=== Required action ===
For the records below, copy exactly the span that begins at the line containing "Ebros Gift Ebros" and stops after the line containing "Ubrukt sitteunderlag", minus any pictures.

=== Given entries ===
>>>>
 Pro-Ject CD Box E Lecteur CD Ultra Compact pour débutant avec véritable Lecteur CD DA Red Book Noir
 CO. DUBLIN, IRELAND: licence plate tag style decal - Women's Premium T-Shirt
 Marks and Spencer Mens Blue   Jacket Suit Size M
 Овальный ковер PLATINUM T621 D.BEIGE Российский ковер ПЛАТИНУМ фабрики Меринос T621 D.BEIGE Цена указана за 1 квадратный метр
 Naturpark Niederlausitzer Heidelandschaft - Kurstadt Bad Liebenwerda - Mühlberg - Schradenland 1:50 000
<<<<
>>>>
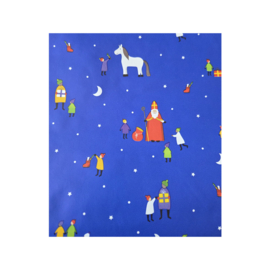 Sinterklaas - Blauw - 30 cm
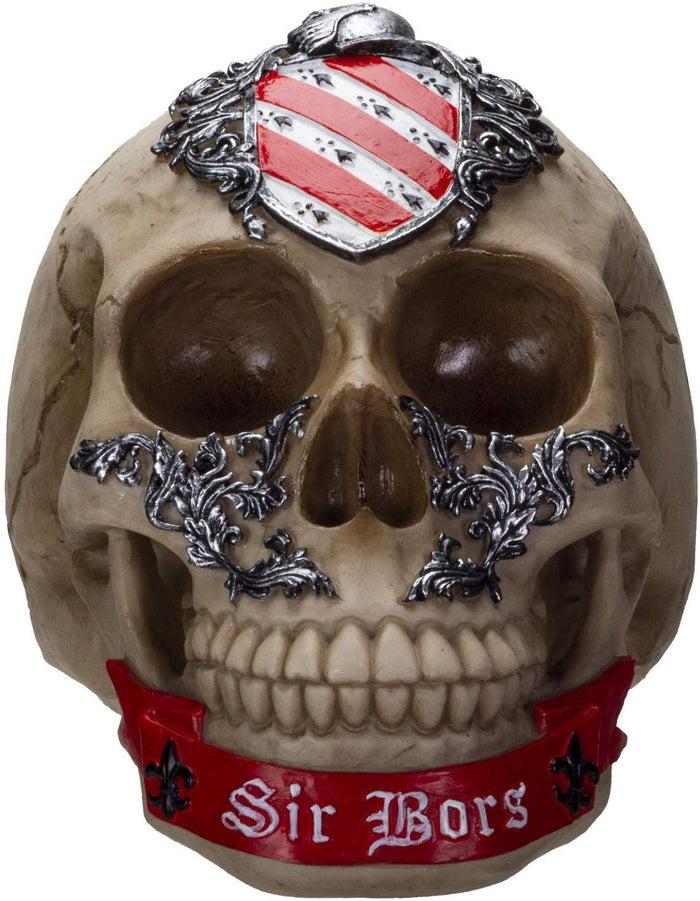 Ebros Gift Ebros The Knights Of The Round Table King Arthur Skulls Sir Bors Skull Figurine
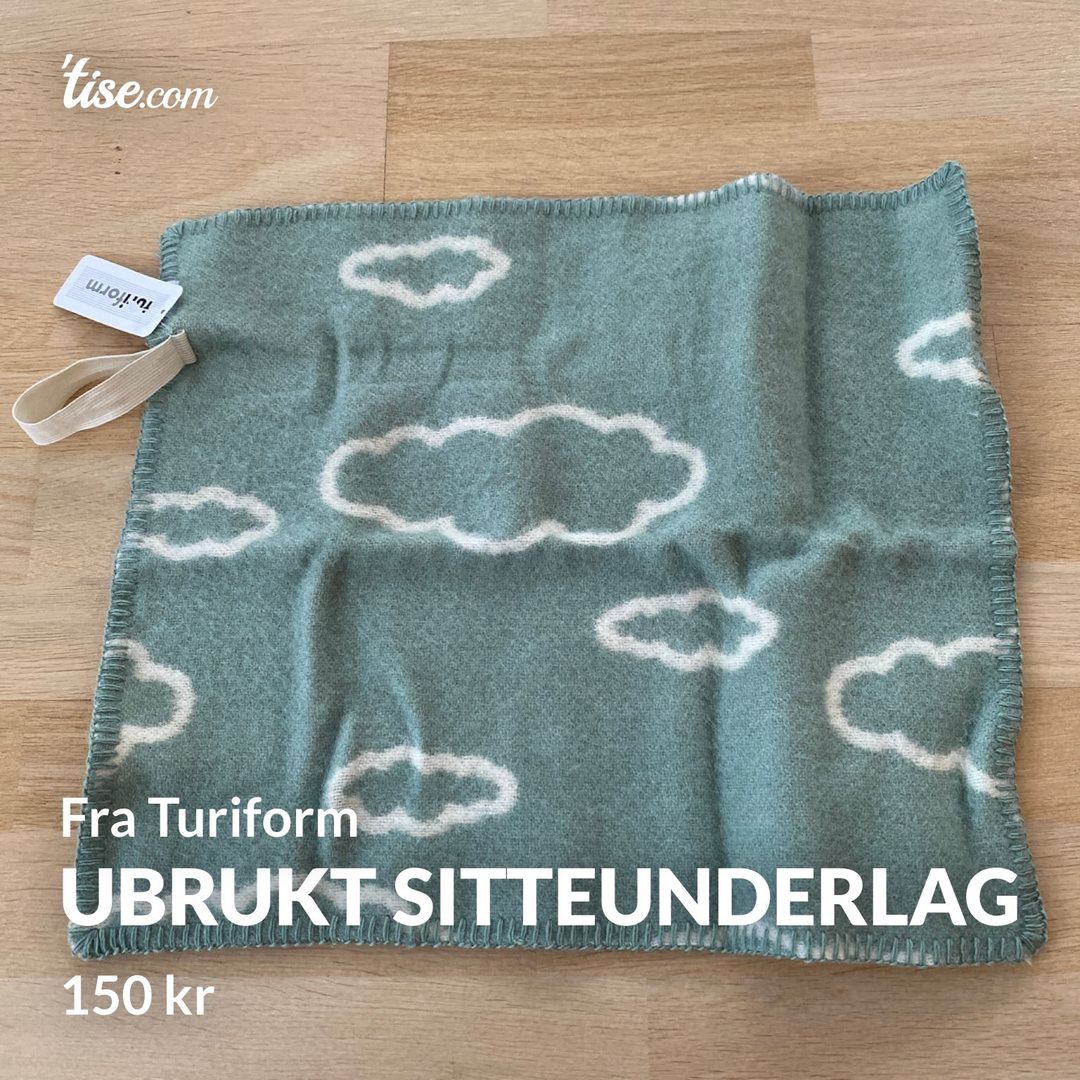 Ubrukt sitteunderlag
<<<<
=== Written reply ===
 Ebros Gift Ebros The Knights Of The Round Table King Arthur Skulls Sir Bors Skull Figurine
 Ubrukt sitteunderlag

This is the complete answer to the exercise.